Families brace for health care cuts
The discussion around the potential cuts to health care in Georgia—who is responsible, what will be cut and when—these questions are political and complicated. On the sidelines of this discussion are the individuals and families who fear what this will mean to their health, their families, and their ability to lead regular lives.
In Atlanta, community workers like Pastor Michael Sheppard, director of the men’s shelter Shepherd’s Inn, and social worker Pat Jones of My Sister’s House, a women’s shelter, devote their lives to helping people through hard times. But they cannot do it alone. They know that people with serious mental illness need continuity of care, and that access to anti-psychotic medications is critical to the safety of not just the individual, but entire communities.

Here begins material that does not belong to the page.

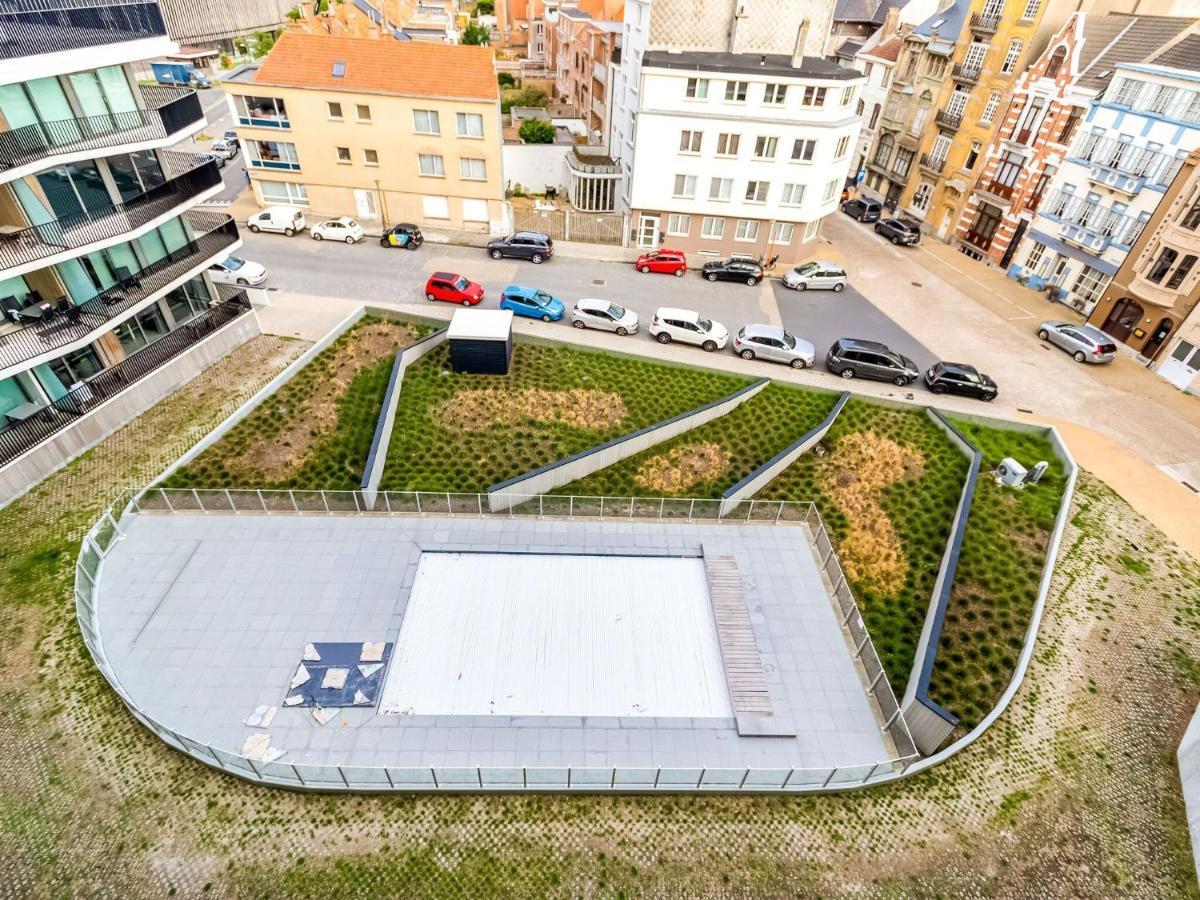 Luxurious Crystal Sea View Apartment With 2 Terraces Oostende Eksteriør bilde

They, too, are scared of what this news will mean to the communities they serve.
As the daughter of a man who suffers from schizophrenia, I know what this kind of news would mean to a family. I know how painful it would be to learn that your loved one may not be able to access their medication, or meet with their psychiatrist, or be provided with the stability of having a social worker in their life. I know categorically that without these supports my father may not be alive today.
I saw my father in the men and women I met and photographed in Atlanta. Many of the people in these photographs were not dealt an easy hand to begin with, and mental illness adds an enormous challenge. In spite of this, these mothers, fathers, daughters and sons are working hard to stay healthy, to support their families, and sometimes simply to survive another day.
Dawn Harris, a 33-year-old mother of seven who suffers from depression and related addictions, has enrolled herself in the year-long job placement and detox program at my Sister’s House. “I was tired of having my kids see me that way,” she said. I met her on day 29 of the program. She is committed to her recovery, stays late in class to make sure she has everything right, and works hard at her assigned kitchen chores before she picks up her kids from daycare.
Dawn is terrified of what these funding cuts might mean for the futures of her children, one of whom is autistic and three of whom suffer from trauma related to an abusive former partner she left. When asked about her hopes, Dawn said: “I want to show my kids what I haven’t shown them in the past, and what my mother couldn’t show me. I just want to be independent, and lead a normal life, and go to church.”
If these fiscal cuts occur, I am left wondering how this basic wish for good health and a simple life will be possible for all of the strong Americans I met in Atlanta.
I hope that for Dawn and her children her wishes can still come true.
Amanda Tétrault is a photographer from Montreal, Canada. She is the author of the photographic book “Phil and Me” (Trolley Books) and is an advocate for awareness of mental health issues and their impact on families, and on children living with mentally ill parents.